I have a column eventDate
which contains trailing spaces. I am trying to remove them with the PostgreSQL function TRIM()
. More specifically, I am running:
SELECT TRIM(both ' ' from eventDate)
FROM EventDates;
However, the trailing spaces don't go away. Furthermore, when I try and trim another character from the date (such as a number), it doesn't trim either. If I'm reading the manual correctly this should work. Any thoughts?
There are many different invisible characters. Many of them have the property WSpace=Y
("whitespace") in Unicode. But some special characters are not considered "whitespace" and still have no visible representation.
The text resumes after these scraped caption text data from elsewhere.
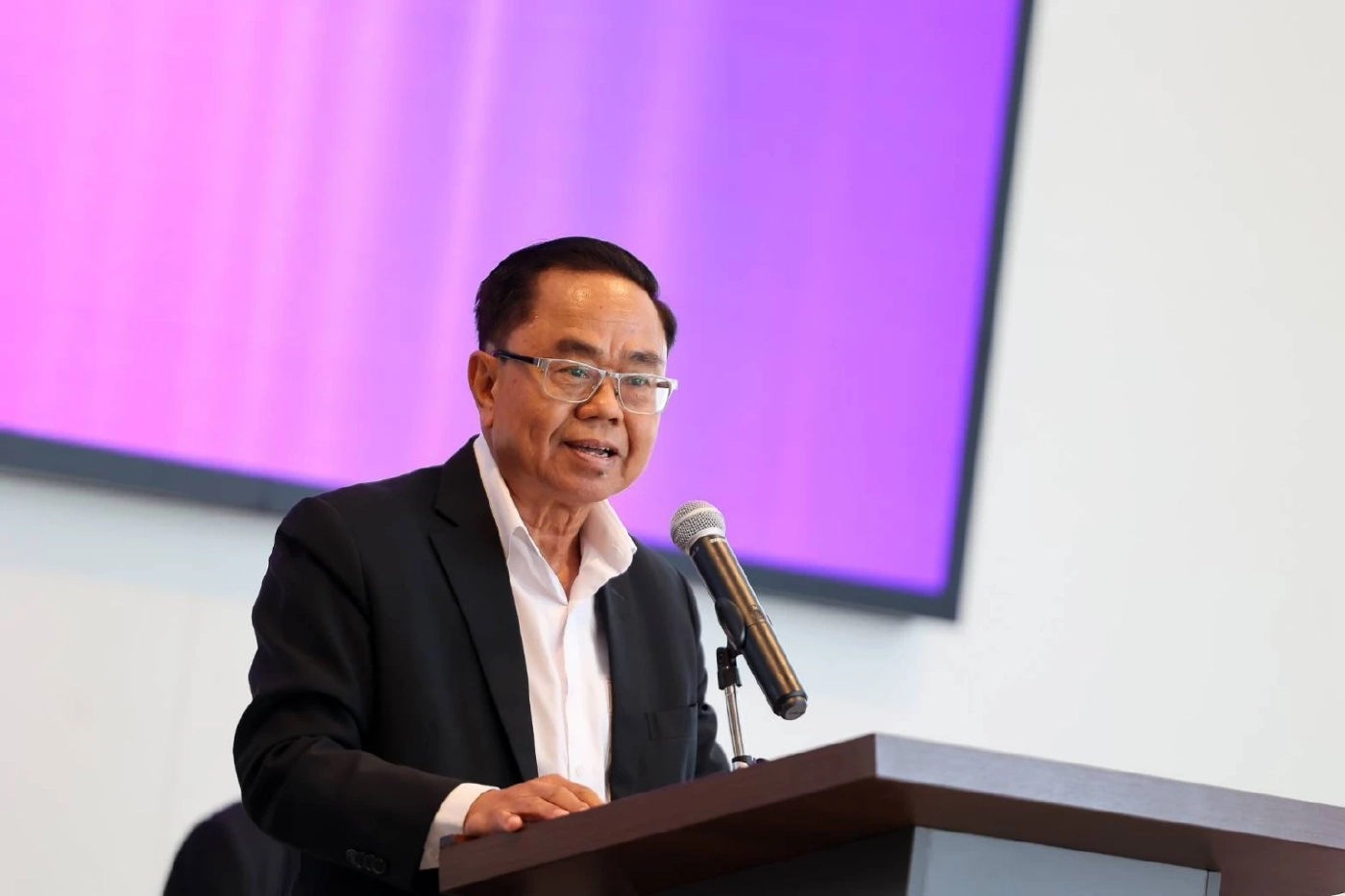 นายตวง อันทะไชย อดีตสมาชิกวุฒิสภา 5 สมัย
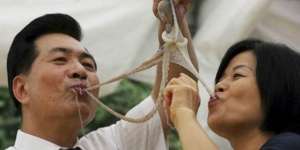 7 Makanan Mengerikan yang Banyak Dikonsumsi Manusia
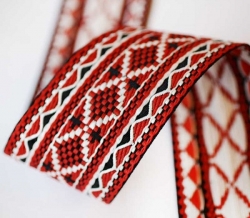 55мм. 90647 ЛЕНТА ОТДЕЛОЧНАЯ ЖАККАРД крас,бел,черн*3157, 55мм (рул.25м)
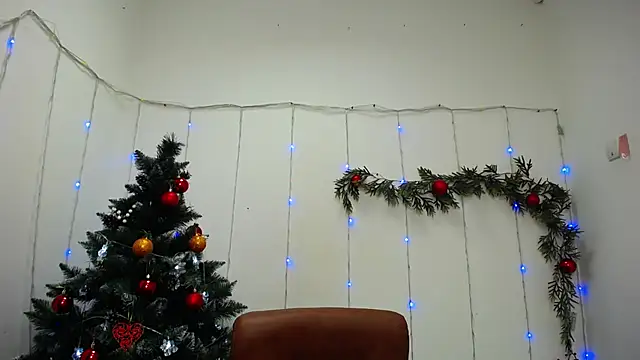 NicolPots online show from 01/04/25, 02:25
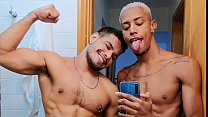Putaria de brothers versáteis com Yuri Oberon e rico marlon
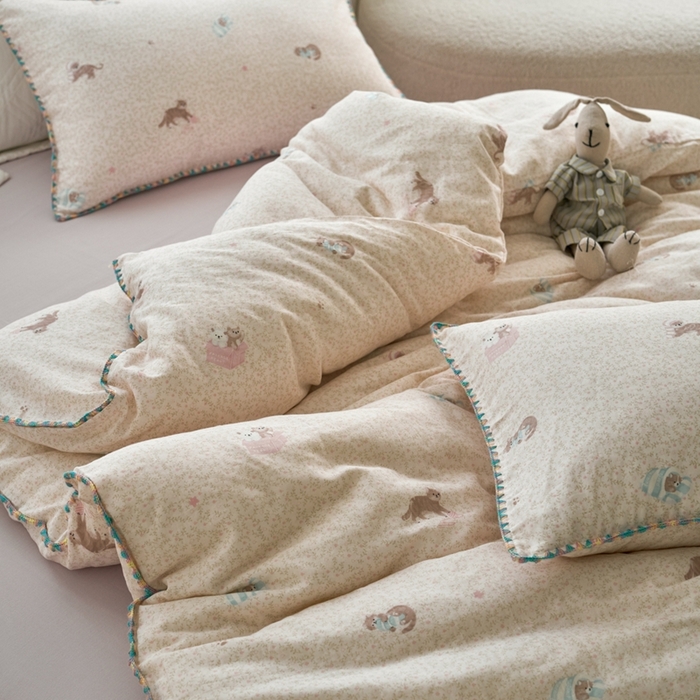 91家纺网 家纺一手货源 找家纺 洋铭区（原狠狠爱） 2025新款全棉彩边双层四件套 小懒猫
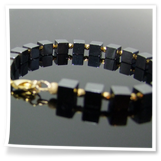 Hämatitarmband mit goldenen Zwischenperlen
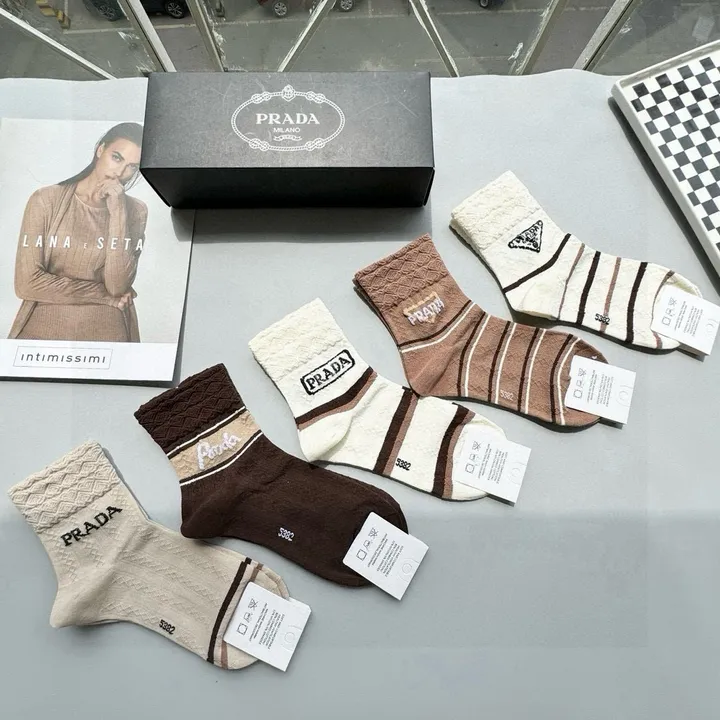 スーパーコピー バレンシアガ 靴下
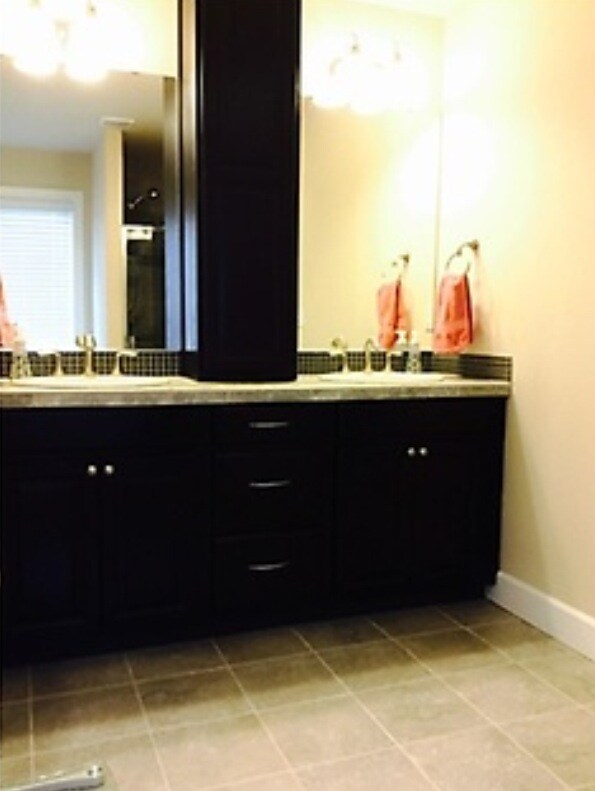 Building Photo - 1211 35th St Pl SE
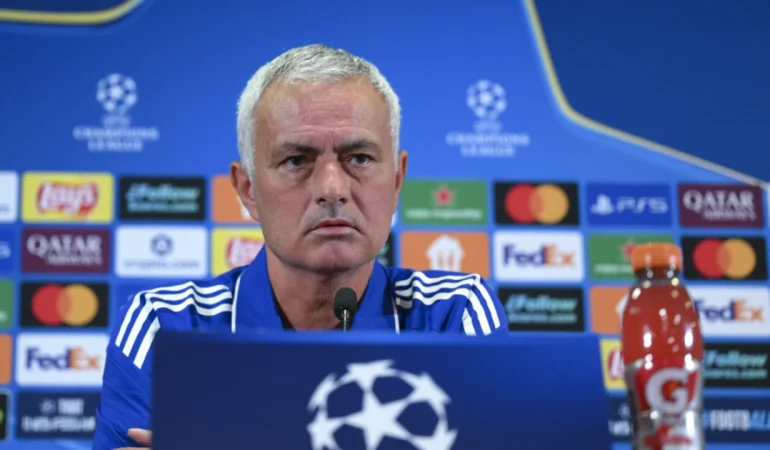 Jose Mourinho, Benfica Yolunda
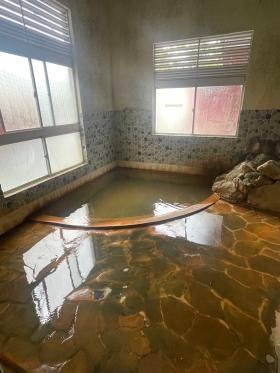 義経の湯（単純泉）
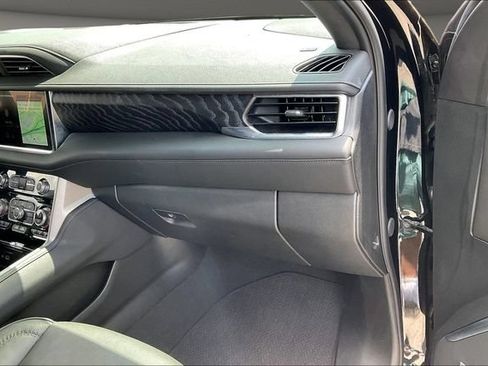 Used 2024 GMC Yukon Denali AWD/4WD image 15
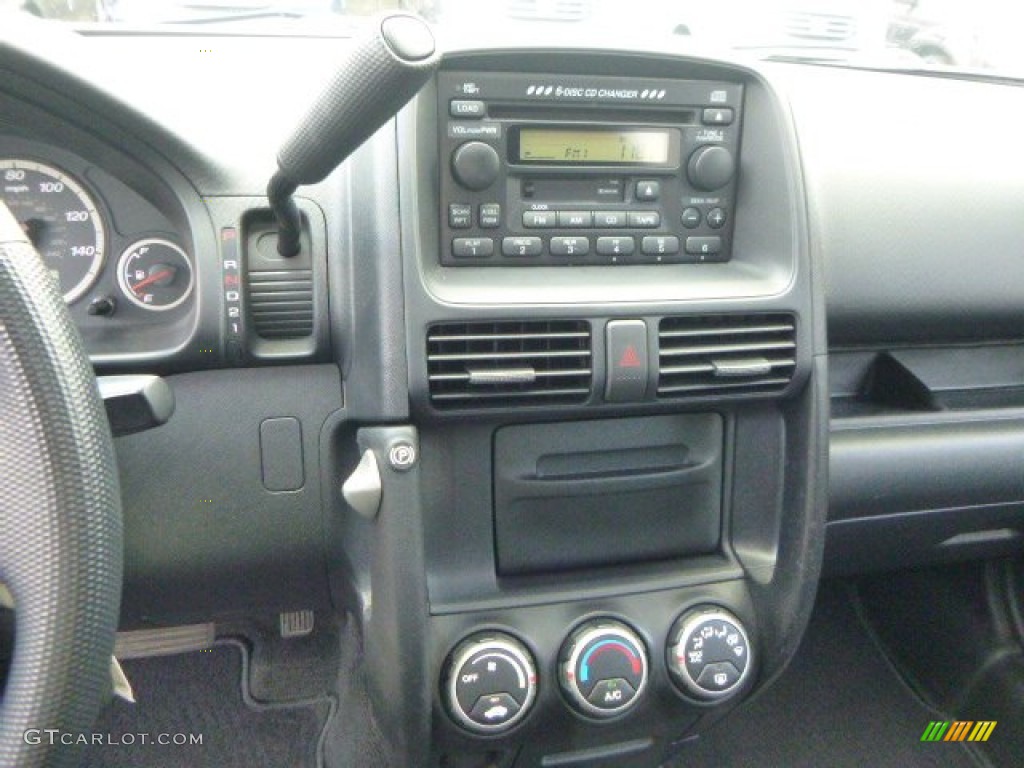 2004 Honda CR-V EX 4WD Controls Photos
The excellent Wikipedia articles about space (punctuation) and whitespace characters should give you an idea.
<rant>Unicode sucks in this regard: introducing lots of exotic characters that mainly serve to confuse people.</rant>
The standard SQL trim()
function by default only trims the basic Latin space character (Unicode: U+0020 / ASCII 32). Same with the rtrim()
and ltrim()
variants. Your call also only targets that particular character.
Use regular expressions with regexp_replace()
instead.
To remove all trailing white space (but not white space inside the string):
SELECT regexp_replace(eventdate, '\s+$', '') FROM eventdates;
The regular expression explained:
\s
.. regular expression class shorthand for [[:space:]]
- which is the set of white-space characters - see limitations below
+
.. 1 or more consecutive matches
$
.. end of string
Demo:
SELECT regexp_replace('inner white ', '\s+$', '') || '|'
Returns:
inner white|
Yes, that's a single backslash (\
). Details in this related answer.
To remove all leading white space (but not white space inside the string):
regexp_replace(eventdate, '^\s+', '')
^
.. start of string
To remove both, you can chain above function calls:
regexp_replace(regexp_replace(eventdate, '^\s+', ''), '\s+$', '')
Or you can combine both in a single call with two branches.
Add 'g'
as 4th parameter to replace all matches, not just the first:
regexp_replace(eventdate, '^\s+|\s+$', '', 'g')
But that should typically be faster with substring()
:
substring(eventdate, '\S(?:.*\S)*')
\S
.. everything but white space
(?:
re
)
Non-capturing set of parentheses
.*
.. any string of 0-n characters
Or one of these:
substring(eventdate, '^\s*(.*\S)')
substring(eventdate, '(\S.*\S)')
(
re
)
.. Capturing set of parentheses
Effectively takes the first non-whitespace character and everything up to the last non-whitespace character if available.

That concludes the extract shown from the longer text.